Fast forward to July 17, 2010. The place: Redding, CA. I was traveling northward to go on an annual camping trip with my family. But there was a movie I was burning to see (seriously, I was burning). So I stopped off at the Cinemark Movies 10 to see Inception. The temperature: 105 degrees. My eyeballs were boiling in their sockets. My shoes melted with each step I took across the smoldering parking lot. The sun was like... like... like a giant ball of burning gas, millions of times larger than the earth, and incredibly far away yet still able to slap me around every once in a while just for the fun of it. Would I make?


The ticket line was unusually long for a Saturday matinee. I think many others had the same idea: if they could just penetrate the cool interior of the theater, they would be safe. And better to be seated in a cool dark place than to walk around inside the nearby Costco all day pretending to be shopping. Thankfully, the theater has electronic ticketing and its circuitry had not yet melted in the heat, so I sped through the door. (I once dated someone who was infuriated by my unknowing pronunciation of the 't' in Costco; I'm sure that's what finally drove us apart; that or my adding a 't' to 'across', as in 'acrosst'.)

Redding, with a population of nearly 90,000 people, is nestled into the northernmost end of California's Central Valley. Though the city is located two and a half hours west, southwest of my hometown (Alturas), it is also the first larger city when heading in that direction, and so was the target of many a school trip or shopping expedition in my youth. The city has a gorgeous view of Mt. Shasta to the north and Mt. Lassen to the east; is bisected by a river and has two large bodies of water nearby; and is encircled by hills thick with manzanita and these giant scrubby trees that I think of as oak, but probably aren't. It would be a great place to live if it weren't TEN THOUSAND DEGREES.

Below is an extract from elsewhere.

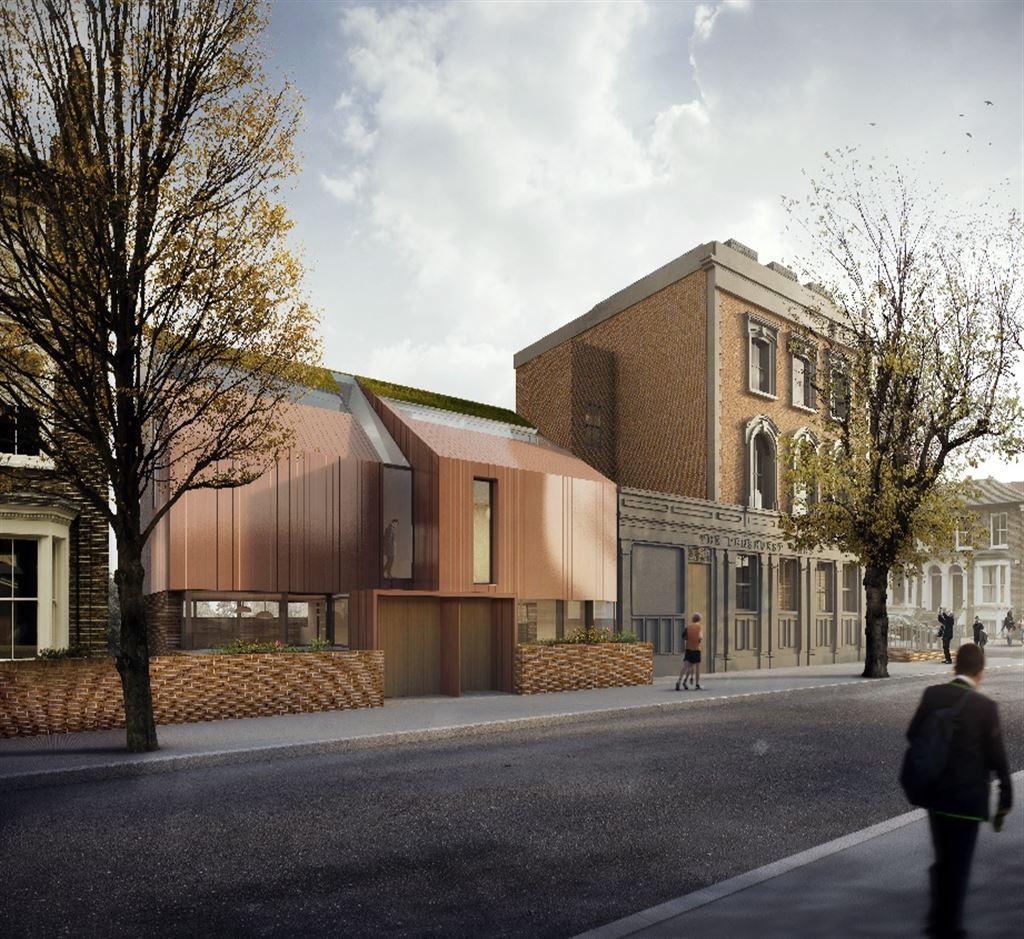 Penshurst Road, Hackney, London, E9 2 bed apartment £850,000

The city has hosted a total of four theaters. The Redding Theater, built in the teens and demolished in the 1950s, was the city's first. The Cascade Theatre was built in 1935 in the art deco style that, I believe, had already fallen out of prominence at that point. The theater is still open today for live performances, and from the photos on their website it appears to have been carefully restored to preserve its beauty. (Their calendar of events is currently listing holiday showings of It's a Wonderful Life at the nearby Riverfront Playhouse, so by my criteria, that means Redding actually has a fifth movie theater to its name.)

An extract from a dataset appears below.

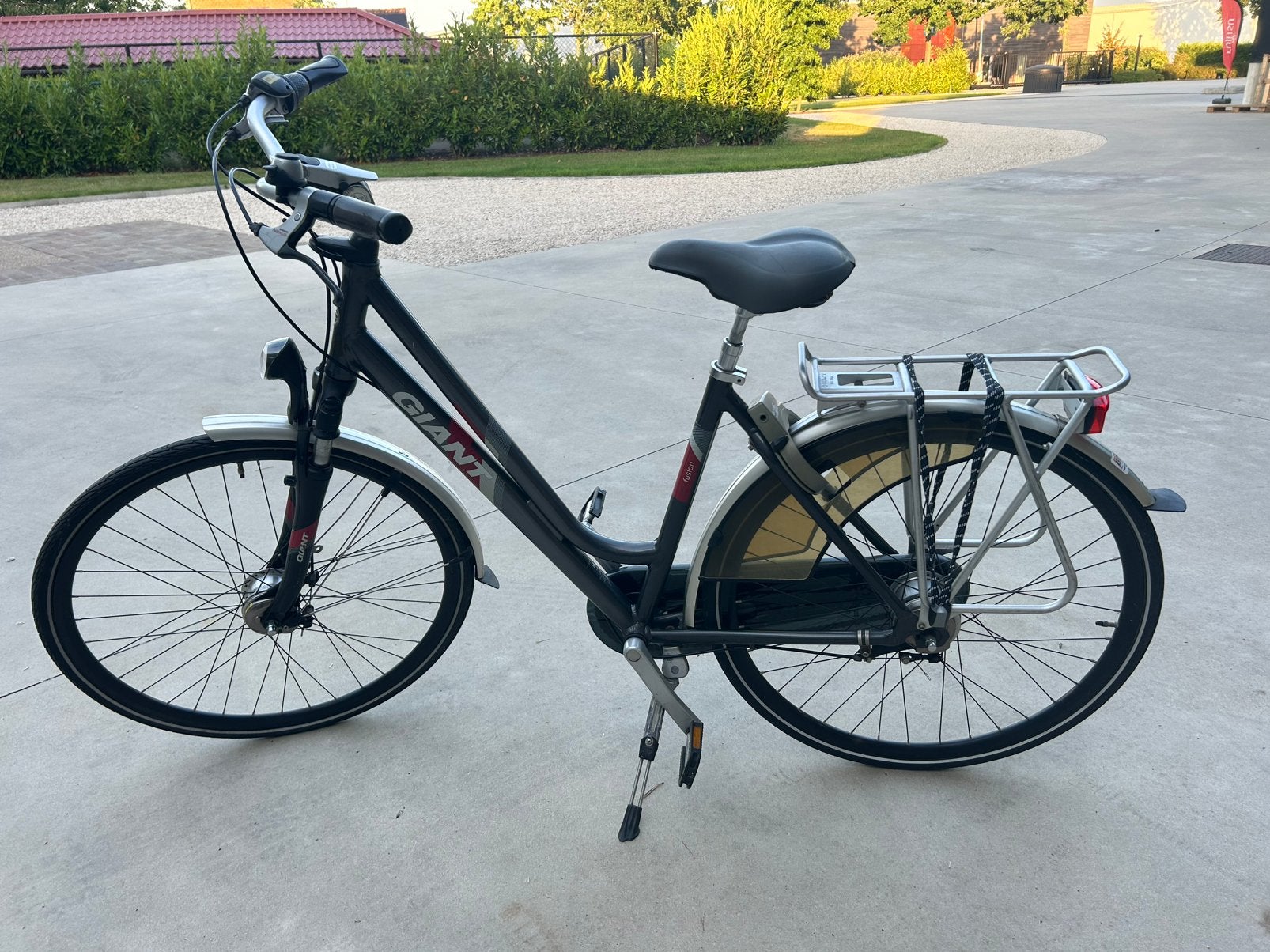 Damesfiets Giant M, Fietsen en Brommers, Fietsen | Dames | Damesfietsen, Ophalen, Terugtraprem, Versnellingen, Giant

The city's third theater, the Cinemark Movies 8 (what boring names these modern theaters have), was built in 1988. This theater has some special importance to me, and I had really hoped to visit it for my project, but to no avail. The summer after it opened, my dad, my favorite cousin and I saw a double feature there: Uncle Buck and The Abyss. Uncle Buck was forgettable. But The Abyss still ranks in my book as one of the greatest movies ever made. My dad still recalls how we just sat outside on the curb after the movie ended, speechless and exhausted. The other memorable thing about this theater is that, following that double feature, I always remembered the theater as being "futuristic" in its design. It was the coolest, most dazzling theater I had ever been in! It was sooooo cool, in fact, that twelve years later when I was coming home for Christmas, from grad school, with my new girlfriend, I just had to show it to her. I mean, how cool am I to know where the coolest theater in the world is? And let me tell you, it was every bit as "futuristic" as I had remembered it (keeping in mind that the quotation mark on the left of "futuristic" means "according to a child", and the one on the right means, "and if by futuristic you mean something from an 80's Paula Abdul video"). You can see some very telling photos here and here. I sure know how to charm the ladies. (Of course, after seeing Ocean's Eleven that day, I drove us off the icy road, over a snowy embankment, and upside down into an icy ravine, which eternally bonded us and made that 80's theater mere chump change in contrast.)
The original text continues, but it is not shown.